Essas declarações, repetidas em seguida por seu assessor de Segurança Nacional, Stephen Hadley, e em parte pela secretária de Estado, Condoleezza Rice, incentivaram os falcões, sobretudo os neoconservadores fora da administração que pressionam há anos por uma "mudança de regime". As autoridades eleitorais iranianas decidiram nesta sexta-feira pela recontagem parcial dos votos, após uma série de acusações de fraude por parte dos candidatos reformistas. No primeiro turno, o ex-presidente Akbar Hashemi Rafsanjani (1989-1997) obteve 21,1% dos votos, conta 19,2% do ultraconservador prefeito de Teerã, Hahmoud Ahmadinedjad.

Os esforços dos falcões para desacreditar as eleições na última hora revelam sua crescente preocupação de o novo presidente iraniano ser um homem hábil que saiba negociar e se relacionar com o Ocidente, lançando assim por terra seus planos de promover uma mudança de regime no Irã. Esta preocupação aumentou no mês passado quando funcionários do Departamento de Estado exortaram os congressistas do governante Partido Republicano a congelarem a Lei de Apoio à Liberdade do Irã, que imporia novas sanções a esse país, e ficaram à espera dos resultados das negociações da União Européia com Teerã sobre seu programa nuclear.

"Estes tipos querem uma mudança de regime, e estão muito preocupados por qualquer coisa que possa impedi-la. Querem garantir que a Casa Branca não se convença da idéia de que pode negociar com um novo governo iraniano", disse uma fonte do governo que pediu para não ser identificada. Por isso, os falcões se empenharam em afirmar nos últimos dias que as eleições no Irã não faziam nenhuma diferença, pois os extremistas islâmicos, liderados pelo líder religioso supremo, o aiatolá Ali Khamenei, e pelo Conselho dos Guardiões da Constituição islâmica, continuarão controlando os destinos do país. O Conselho dos Guardiões é um órgão do Estado integrado por seis clérigos e seis advogados conservadores encarregado de referendar todas as leis.

"Qualquer pessoa familiarizada com essa república islâmica sabe que estas não são eleições de verdade", escreveu na semana passada o analista Michael Ledeen na revista direitista National Review. Ledeen foi funcionário do governo de Ronald Regan (1981-1989) e agora trabalha para o conservador American Enterprise Institute (AEI). "Trata-se apenas de um cenário, de entretenimento, de uma ópera cômica montada para nós. O propósito desta pura e simples farsa é nos dissuadir de apoiar as forças da revolução democrática no Irã", afirmou.
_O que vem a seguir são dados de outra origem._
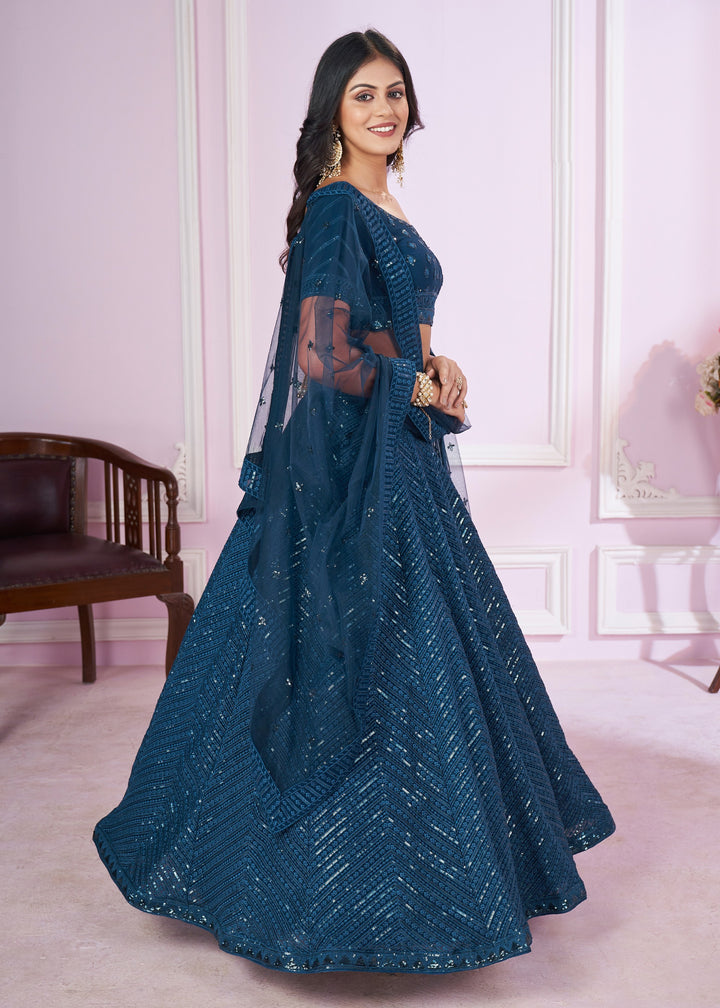 Teal Blue Georgette Lehenga Choli With Sequins And Thread Embroidery Work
Esta mesma opinião se viu refletida em uma série de artigos publicados na quinta-feira, incluindo uma do jornalista Kenneth Timmerman também na National Review, e depois reproduzida pelo jornal The Washington Post, intitulada "Eleições falsas, ameaças reais".

Outro artigo semelhante foi publicado também nesse mesmo jornal por Nir Boms, vice-presidente do conservador Centro para a Liberdade do Oriente Médio e ex-vice-presidente da Fundação para a Defesa das Democracias, e outro no The New York Times pela vice-presidente do AEI, Danielle Pletka. Por sua vez, o senador republicano Sam Brownback, líder da direita cristã e vinculado com a comunidade iraniana dos EUA, fiel a Reza Pahlevi, filho do shah deposto pela Revolução Islâmica em 1979, disse que as eleições eram "falsas". Analistas especializados no Irã reconhecem que Khamenei e o Conselho dos Guardiões limitarão os movimentos de quem for eleito presidente, mas insistem em afirmar que as eleições são apenas um espetáculo e que não passam de uma declaração simplista ou uma estratégia para distorcer os fatos.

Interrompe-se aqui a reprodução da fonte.